Snatches of information from the class have remained with me, though the dates I was forced to memorize have not. I have kept one fact in my memory quite clearly. It was probably the most trivial fact that I could have stored away from all the information presented to me in lectures and readings, but I delight in quirky information.
Winston Churchill liked to wear silk pajamas.
His love of cigars is well documented and his habit of eating well has been recorded widely by historians and witnessed in his girth. But silk pajamas? It's the kind of fact I would make up. I have been known to spread rumors about friends of mine dating former press secretaries, dining with literary giants, and being involved in the assassinations of heads of state. But this is a fact that was printed in a nonfiction book that I had to read for War and the Holocaust in Europe.
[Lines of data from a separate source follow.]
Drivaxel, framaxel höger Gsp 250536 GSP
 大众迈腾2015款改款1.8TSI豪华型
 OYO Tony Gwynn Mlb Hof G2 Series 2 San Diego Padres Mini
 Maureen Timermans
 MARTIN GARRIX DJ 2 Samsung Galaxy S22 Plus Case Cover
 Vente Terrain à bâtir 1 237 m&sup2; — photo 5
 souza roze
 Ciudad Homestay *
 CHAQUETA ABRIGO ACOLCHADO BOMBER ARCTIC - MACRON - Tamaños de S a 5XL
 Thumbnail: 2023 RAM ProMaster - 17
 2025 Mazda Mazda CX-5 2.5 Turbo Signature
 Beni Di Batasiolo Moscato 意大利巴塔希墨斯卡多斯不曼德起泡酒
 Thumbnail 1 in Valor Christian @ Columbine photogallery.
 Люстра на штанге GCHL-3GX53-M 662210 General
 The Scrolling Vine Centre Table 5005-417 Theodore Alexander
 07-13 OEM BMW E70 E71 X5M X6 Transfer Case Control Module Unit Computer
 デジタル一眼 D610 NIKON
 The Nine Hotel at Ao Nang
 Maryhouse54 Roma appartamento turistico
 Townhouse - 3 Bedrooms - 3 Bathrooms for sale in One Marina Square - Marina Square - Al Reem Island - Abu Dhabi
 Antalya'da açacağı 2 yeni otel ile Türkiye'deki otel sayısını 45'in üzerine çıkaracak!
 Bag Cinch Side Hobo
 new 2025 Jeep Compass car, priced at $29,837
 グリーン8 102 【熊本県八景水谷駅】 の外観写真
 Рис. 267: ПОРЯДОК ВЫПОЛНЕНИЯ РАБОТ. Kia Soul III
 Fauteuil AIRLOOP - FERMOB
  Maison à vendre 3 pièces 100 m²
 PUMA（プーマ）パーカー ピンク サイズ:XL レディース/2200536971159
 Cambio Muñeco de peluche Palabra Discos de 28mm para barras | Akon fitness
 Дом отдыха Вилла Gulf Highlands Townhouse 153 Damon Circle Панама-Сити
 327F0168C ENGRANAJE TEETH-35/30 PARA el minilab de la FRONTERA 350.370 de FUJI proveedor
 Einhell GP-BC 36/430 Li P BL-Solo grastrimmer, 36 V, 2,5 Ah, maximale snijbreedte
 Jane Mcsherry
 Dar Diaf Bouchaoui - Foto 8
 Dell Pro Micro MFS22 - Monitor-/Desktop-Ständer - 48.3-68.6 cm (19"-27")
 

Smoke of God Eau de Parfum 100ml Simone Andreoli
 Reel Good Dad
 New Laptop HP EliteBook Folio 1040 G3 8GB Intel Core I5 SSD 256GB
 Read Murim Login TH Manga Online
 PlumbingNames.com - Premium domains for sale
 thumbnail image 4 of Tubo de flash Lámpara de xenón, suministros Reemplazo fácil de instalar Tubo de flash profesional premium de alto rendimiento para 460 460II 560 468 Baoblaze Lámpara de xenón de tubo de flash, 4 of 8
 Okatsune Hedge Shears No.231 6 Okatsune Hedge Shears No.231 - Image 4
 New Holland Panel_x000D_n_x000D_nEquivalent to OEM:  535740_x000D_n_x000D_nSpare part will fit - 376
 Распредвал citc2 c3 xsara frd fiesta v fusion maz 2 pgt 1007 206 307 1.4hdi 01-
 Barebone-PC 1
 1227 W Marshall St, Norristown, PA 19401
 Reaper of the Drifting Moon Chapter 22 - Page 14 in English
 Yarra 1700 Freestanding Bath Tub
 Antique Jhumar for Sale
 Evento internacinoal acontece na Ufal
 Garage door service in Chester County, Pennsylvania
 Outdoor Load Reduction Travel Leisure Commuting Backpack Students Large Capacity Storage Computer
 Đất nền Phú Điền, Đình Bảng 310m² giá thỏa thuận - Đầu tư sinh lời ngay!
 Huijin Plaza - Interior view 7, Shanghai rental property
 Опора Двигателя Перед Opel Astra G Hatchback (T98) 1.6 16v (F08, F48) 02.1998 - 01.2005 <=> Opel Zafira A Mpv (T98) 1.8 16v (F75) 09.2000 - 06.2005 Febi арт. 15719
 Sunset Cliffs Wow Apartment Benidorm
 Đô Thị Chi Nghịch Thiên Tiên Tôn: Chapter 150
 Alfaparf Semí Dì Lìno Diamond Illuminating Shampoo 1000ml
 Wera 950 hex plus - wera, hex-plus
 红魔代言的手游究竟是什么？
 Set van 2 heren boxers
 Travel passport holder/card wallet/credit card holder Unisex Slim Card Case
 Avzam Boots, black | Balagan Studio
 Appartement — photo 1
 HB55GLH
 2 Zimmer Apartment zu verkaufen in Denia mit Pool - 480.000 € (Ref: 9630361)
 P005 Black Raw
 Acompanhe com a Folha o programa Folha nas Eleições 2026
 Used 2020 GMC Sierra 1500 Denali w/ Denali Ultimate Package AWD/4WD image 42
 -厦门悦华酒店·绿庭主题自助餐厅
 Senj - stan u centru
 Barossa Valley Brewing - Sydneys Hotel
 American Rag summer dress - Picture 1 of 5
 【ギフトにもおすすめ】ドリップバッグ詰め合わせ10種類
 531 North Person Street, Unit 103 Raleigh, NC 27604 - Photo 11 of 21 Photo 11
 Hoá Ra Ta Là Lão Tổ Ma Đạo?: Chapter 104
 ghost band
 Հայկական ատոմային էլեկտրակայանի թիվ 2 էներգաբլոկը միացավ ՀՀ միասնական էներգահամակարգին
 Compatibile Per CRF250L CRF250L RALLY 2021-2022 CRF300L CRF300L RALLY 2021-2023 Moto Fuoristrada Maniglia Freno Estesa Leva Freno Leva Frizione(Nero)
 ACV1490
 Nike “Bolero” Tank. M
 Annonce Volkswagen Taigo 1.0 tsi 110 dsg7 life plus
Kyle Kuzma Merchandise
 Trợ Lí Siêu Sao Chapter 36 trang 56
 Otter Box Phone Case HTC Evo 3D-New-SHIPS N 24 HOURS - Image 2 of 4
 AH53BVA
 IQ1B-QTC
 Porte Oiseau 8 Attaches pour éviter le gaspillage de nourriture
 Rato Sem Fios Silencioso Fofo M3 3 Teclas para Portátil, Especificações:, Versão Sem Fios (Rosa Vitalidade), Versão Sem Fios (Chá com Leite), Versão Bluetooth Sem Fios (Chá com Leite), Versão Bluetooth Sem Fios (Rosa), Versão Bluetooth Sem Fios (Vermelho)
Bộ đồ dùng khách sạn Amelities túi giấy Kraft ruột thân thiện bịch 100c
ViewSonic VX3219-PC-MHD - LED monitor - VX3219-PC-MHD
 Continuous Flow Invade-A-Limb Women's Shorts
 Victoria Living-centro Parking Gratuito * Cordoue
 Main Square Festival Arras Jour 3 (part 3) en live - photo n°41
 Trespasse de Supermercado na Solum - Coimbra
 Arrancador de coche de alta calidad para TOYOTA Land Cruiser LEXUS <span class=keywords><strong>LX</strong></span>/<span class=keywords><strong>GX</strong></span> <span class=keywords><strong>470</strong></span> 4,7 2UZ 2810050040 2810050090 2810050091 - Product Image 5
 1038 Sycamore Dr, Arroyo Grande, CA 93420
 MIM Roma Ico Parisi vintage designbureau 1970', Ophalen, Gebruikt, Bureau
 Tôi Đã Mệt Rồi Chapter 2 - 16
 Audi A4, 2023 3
John Lukacs, a historian with a professed fondness for Winston Churchill, taught me of Churchill's love of silk pajamas. Apparently Churchill was wearing silk pajamas on the morning of May 10th as Hitler began his invasions of Holland and Belgium.
I was incredulous when I first read about Churchill's pajama habits. Not because I didn't believe Winston would wear silk pajamas. I had never really thought about his bedtime attire before. I don't often think about what world leaders wear to bed. Perhaps I ought to. But I digress. I was incredulous because I was not sure how Lukacs had happened upon the information of what Churchill was wearing on the morning of May 10th, 1940 when he sat down to breakfast. Somehow that seemed like the kind of thing that wouldn't be recorded as war broke out in earnest across Europe.
But I have seen Winston's silk pajamas.
Perhaps it is now fitting for us to come out of time travel mode. This week, my history class visited the Churchill War Rooms and the attached Churchill Museum. Wandering among the artifacts of Churchill's life I stumbled upon his nap time togs. I was delighted and disappointed by my find.
I was standing in front of the pajamas that I had long regarded as a historical myth comparable to Columbus being the first to spin the idea of the world being round - if slightly less widespread. I had found the abominable snowman. But I still felt cheated. Winston's silk pajamas were, as you can see, white, plain, and conservative. In all the time I had imagined Churchill in his pajamas, which is probably more often than I should admit, I had not pictured his silk pajamas looking so boring. I wanted them to be red, shiny, and a little bit sexy.
But as the placard explained, the folded white shirt in front of me had been Churchill's nightshirt. I take some solace in the fact that even if Winston did not dress nightly in shiny, red silk, he at least could feel the breeze flowing in through the bottom of his nightshirt.